ACTIVITY:
Ignoring the pictures, copy the data exactly.

DATA FOR THIS TASK:

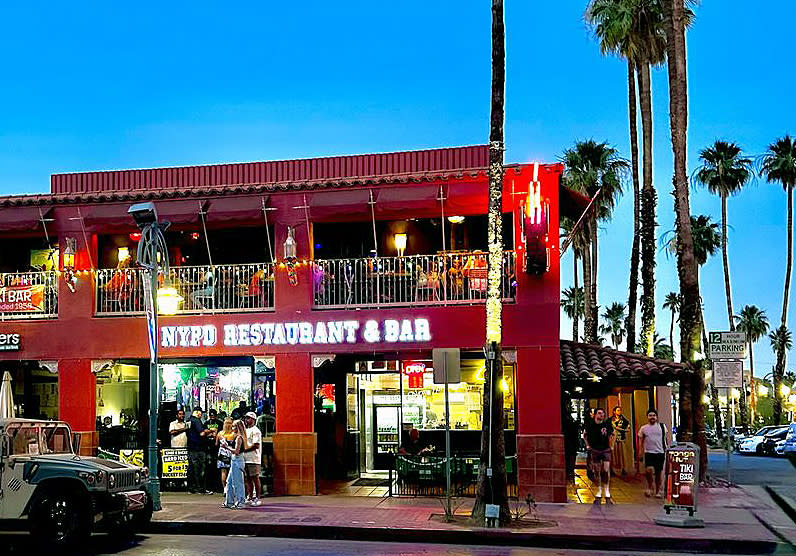 Exterior at dusk of N:YPD Restaurant and Bar in Palm Springs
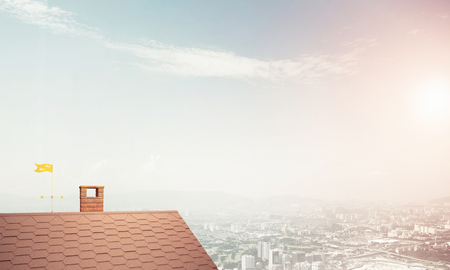 Brick house roof and urban landscape at backgroundの写真素材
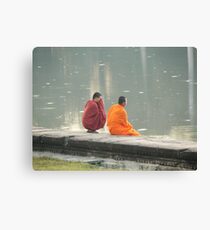 Two monks having a quite minute at sunset at Angkor Wat Cambodia Canvas Print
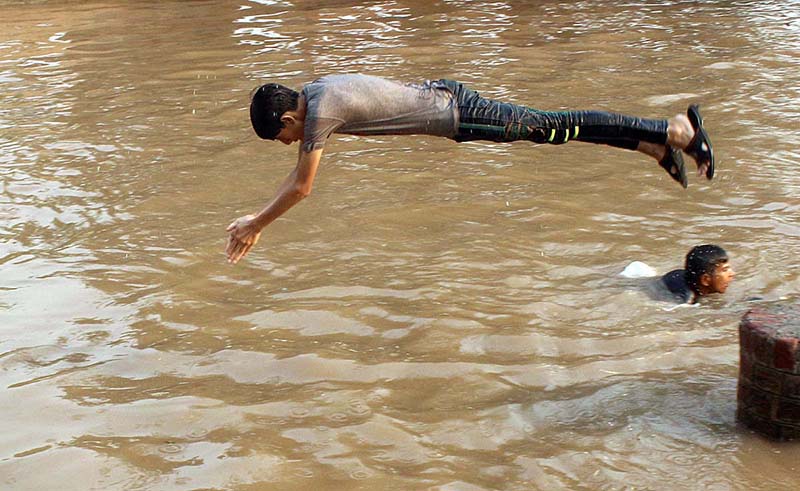 A youngster jumps into canal to beat the heat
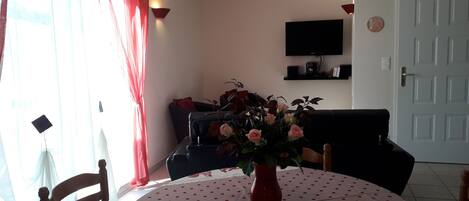 Un área de comedor con una mesa redonda cubierta por un mantel de lunares, un jarrón con flores y un sofá negro al fondo.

RESULT OF THIS EXERCISE:
 Exterior at dusk of N:YPD Restaurant and Bar in Palm Springs
 Brick house roof and urban landscape at backgroundの写真素材
 Two monks having a quite minute at sunset at Angkor Wat Cambodia Canvas Print
 A youngster jumps into canal to beat the heat
 Un área de comedor con una mesa redonda cubierta por un mantel de lunares, un jarrón con flores y un sofá negro al fondo.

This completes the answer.